Frebel spent about six months exploring the country for Japanese local ingredients before he opened the 50-seat INUA and in this story, he shares five of his unique ingredient discoveries with us.
Served in a caramel of seaweed oil with seven spices including sansho, long pepper, juniper berries and bergamot, the snack pineapples are, according to Frebel, “unlike any pineapples in that you can rip them off easily like artichoke leaves”.
Available only in summer, these snack pineapples grow along middle to northern Okinawa, as well as on remote islands of Ishigaki Island and Iriomote Island. Frebel buys them from the community of Okinawa snack pineapples and serves five different types in the dish.
“We met an incredible supplier, Mr Arai, from Hokkaido who has been doing research on seaweed over the last 40 years,” says Frebel. “Thanks to him, we were able to discover and source many different types of seaweed – dry, gelatine-like, slimy, in various colours, etc.”
At INUA, Frebel serves eight to 10 different types of seaweed from Ishikawa and Kochi prefectures in a dish with bafun uni, dashi jelly, pickled blackcurrant leaves and pickled white asparagus in a wild sansho shoots broth finished with blackcurrant wood oil and rice oil. “Weather rather than seasonality affects the seaweed’s availability,” he adds, further saying that stormy weather affects drivers’ ability to access these seaweeds.
Unlike any Nordic cuisine you’ve had, INUA serves clay pot rice for mains and for this dish, Frebel naturally looks to Japan for inspiration.

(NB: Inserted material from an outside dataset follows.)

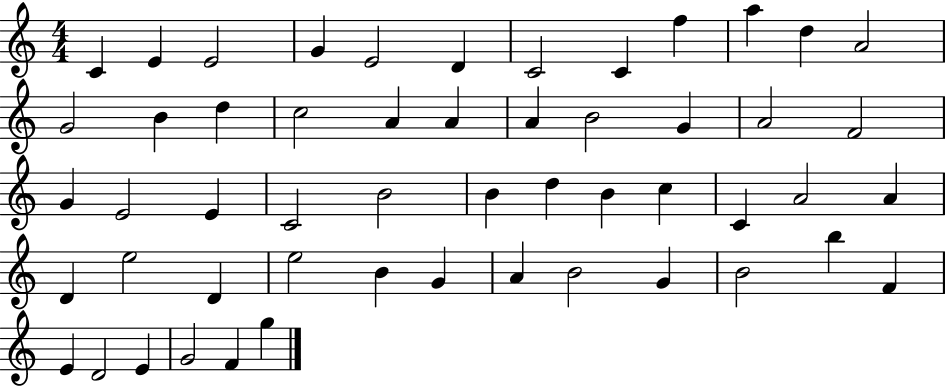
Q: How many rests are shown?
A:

Having worked with bee larvae suppliers in Nagano and in Mexico, Frebel was inspired to serve Nagano’s bee larvae, in season from June to August, in a clay pot with yumepirika rice topped with summer flowers of acacia, marigold and Hamamatsu wild rose. “We may be able to offer bee larvae until end of September although July to August is the peak season,” says Frebel, “But bee larvae is 1.5 times more expensive than sea urchin!”
Alongside the bee larvae claypot rice dish, Frebel also serves pickled local vegetables and flowers, harvested when they were in season, as a complement. There are cherry blossoms from Kanagawa pickled in apple vinegar, acacia from Akita lacto fermented in koji, white asparagus lacto fermented in yuzu and ginger, lemon thyme from Hokkaido, plums from six different regions of Japan, unripe black currant from Aomori and Nagano and fennel flowers from Shizuoka and Fukuoka. If you think of it, Frebel is right when he says “bees and flowers are a perfect combination”.
Pine Needles and Pine Cones
For dessert, Frebel fields a Nordic-inspired plate of syruped Nagano and Hokkaido spruce (pine shoots), available mainly in June, sprinkled atop a wobbly block of sweetened soymilk parfait with sarunashi kiwi. “We tried many varieties of pine shoots from Japan and endured lots of failure,” says Frebel. “We found this variety during our foraging trip in the forest and our researcher spent hours researching and making phone calls.”